Hüseyin YILMAZ
ŞAHİN DOĞAN KARDEŞİMLE AÇIK BİR HASBİHAL!
Aziz kardeşim! İnsânî fiillerin hiç şübhesiz en kıymetlisi tefekkür olduğu gibi, en zor olanı da odur. Bu zamanda ise düşünmek, düşünebilmek zorun zoru hâline gelmiş.
Düşünme kabiliyetinin dumura uğradığı, düşünmenin çoğu zaman abesle iştigal telâkki edildiği bir zamanda hâlâ düşünmeye çalışanlardan olmanı dikkat ve takdirle takib edenlerdenim. Temel alâmet-i farikan gibi duran tefekkür gayretinin meyvedar bir ağaca inkılâb etmesini ise gönülden temenni ediyorum.
Fakat tefekkür, her serâba koşmak, her hezeyana hakikat ihtimali vermek değildir. Belli disiplinleri, belli kaideleri olan bu ameliyeye mutlak bir hürriyet bahşetmek ayrı, bütün mizanlarını yıkmak, yerle bir etmek daha başkadır.

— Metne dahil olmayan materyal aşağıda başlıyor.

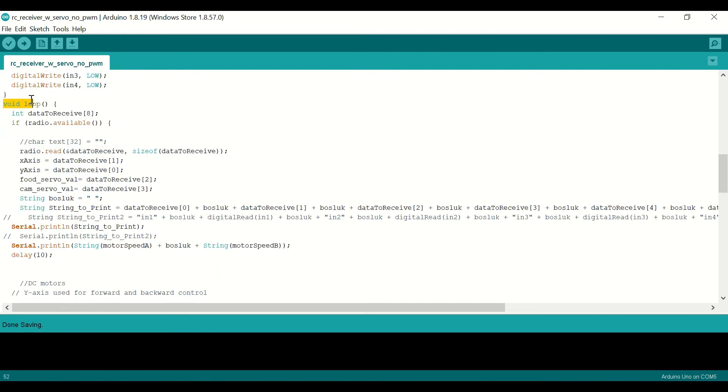And in the void loop, we create our data to receive eight element integer array, and we assign the x-axis and y-axis, and two servos accordingly.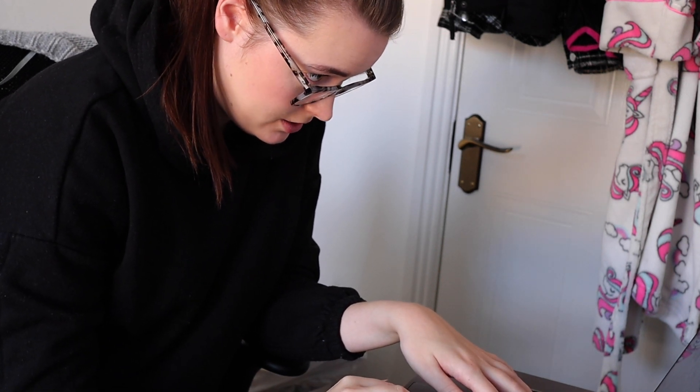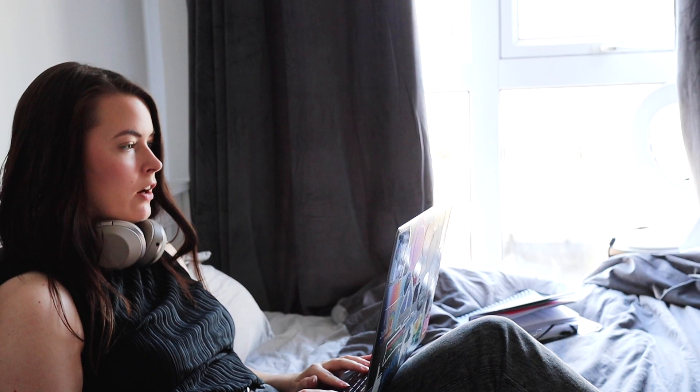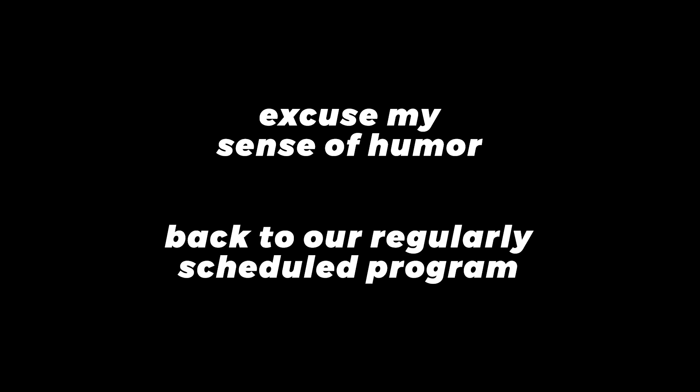Is this how you become the next Cambridge Analytica? No, Karen, sit down. Welcome back to my channel. If you came here looking for an instruction video on how to become the next data scandal, you're in the wrong place, because we're not about that life.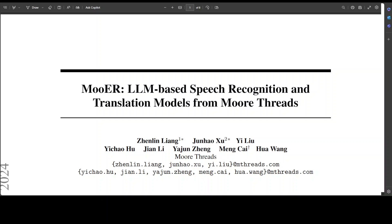Hello and welcome to the channel. In this video, I am introducing you to a new research project called Mooer. Mooer is a cutting-edge large-scale automatic speech recognition and automatic speech translation model developed by MooerThreads. Leveraging a 5,000-hour pseudo-labeled dataset, Mooer achieves performance comparable to other open-source models trained on hundreds of thousands of hours of labelled speech data.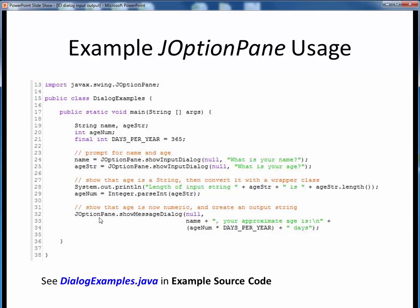This is a nice advantage of static classes — we can use them for quick, one-time, standalone capability. To demonstrate how this code executes, please take a moment now to view the short code walkthrough video for DialogueExamples.java. Open up this file in JGrasp so you can follow along. You'll find this example in the usual place. This code example and its demonstration should give you enough to perform pop-up dialog I/O for yourself in a current program assignment.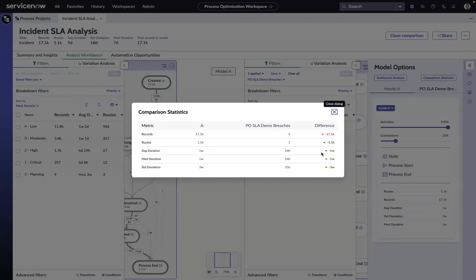But you get the idea of how you could potentially start using process optimization to do some analysis around incidents or any records on the platform that have breached a given SLA.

Gayet tabiî bu satırları hususî bir kanaldan, daha mahremane fakat daha şiddetli olarak kardeşime ifade edebilirdim. Ne var ki, bu satırların sebeb-i vücudu olan ifadelerinizi herkese açık mecralarda ilan ettiğinizden aynı zeminde mukabeleye mecbur kaldım.
Mevzua gelelim mi?
Hasan Mezarcı'nın ateşin bir vekillik yaptığı yıllarda fakir, benzer şekilde gazetecilik yapıyordu. İkimiz de düşman telâkki ettiğimiz her hisara taarruz ediyor, her tabuyu tekmeliyor, her şenaate tükürüyorduk. Şüphesiz ikimizin de daimî ve büyük hedefi Kamalizm Kalesiydi. Devlet gücüyle tahkim edilen bu hisarı belki yıkamayacaktık ama en azından surlarından gedikler açabilirdik; hiç değilse düşman olduğumuzu ilân edebilirdik, etmeliydik ve ediyorduk.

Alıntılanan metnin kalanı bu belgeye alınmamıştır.